## Assignment
Everything in the listing below should be repeated verbatim, apart from the pictures.

The data below:

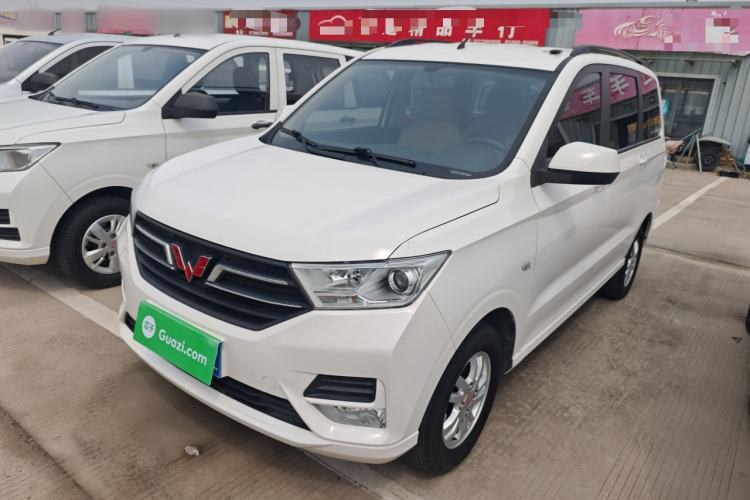 Used Wuling Hongguang 2021 1.5L Facelift S Comfort Version Hydraulic Power Steering LAR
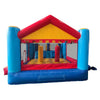 Château gonflable Avyna Happy Bounce Ultimate Jump Slider (PVC) 3-1 Professionnel - 4 personnes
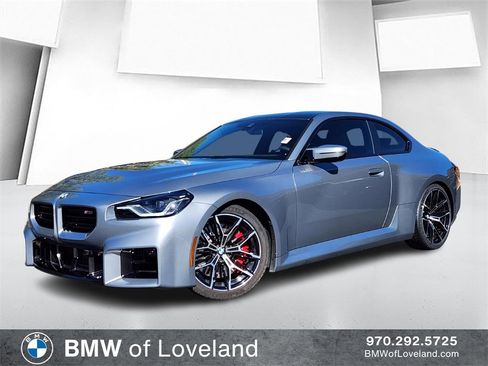 Used 2025 BMW M2 w/ Lighting Package image 1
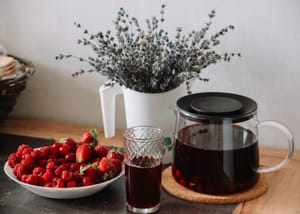 Летний натюрморт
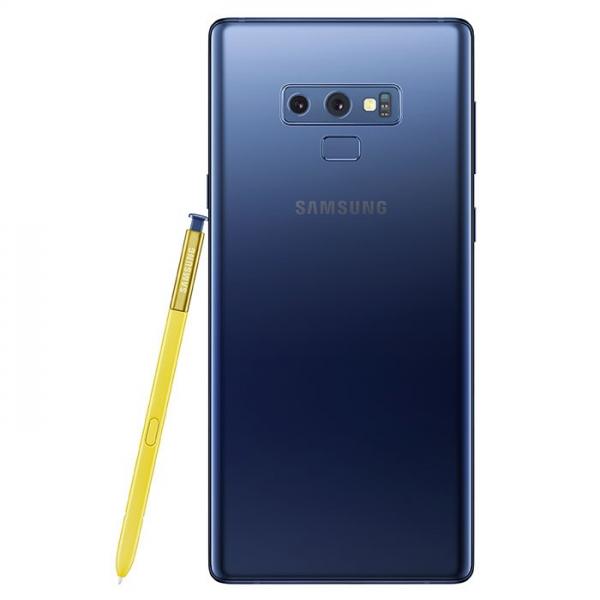 CELULAR SAMSUNG NOTE 9 AZUL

End of The data.

## Exercise answer
 Used Wuling Hongguang 2021 1.5L Facelift S Comfort Version Hydraulic Power Steering LAR
 Château gonflable Avyna Happy Bounce Ultimate Jump Slider (PVC) 3-1 Professionnel - 4 personnes
 Used 2025 BMW M2 w/ Lighting Package image 1
 Летний натюрморт
 CELULAR SAMSUNG NOTE 9 AZUL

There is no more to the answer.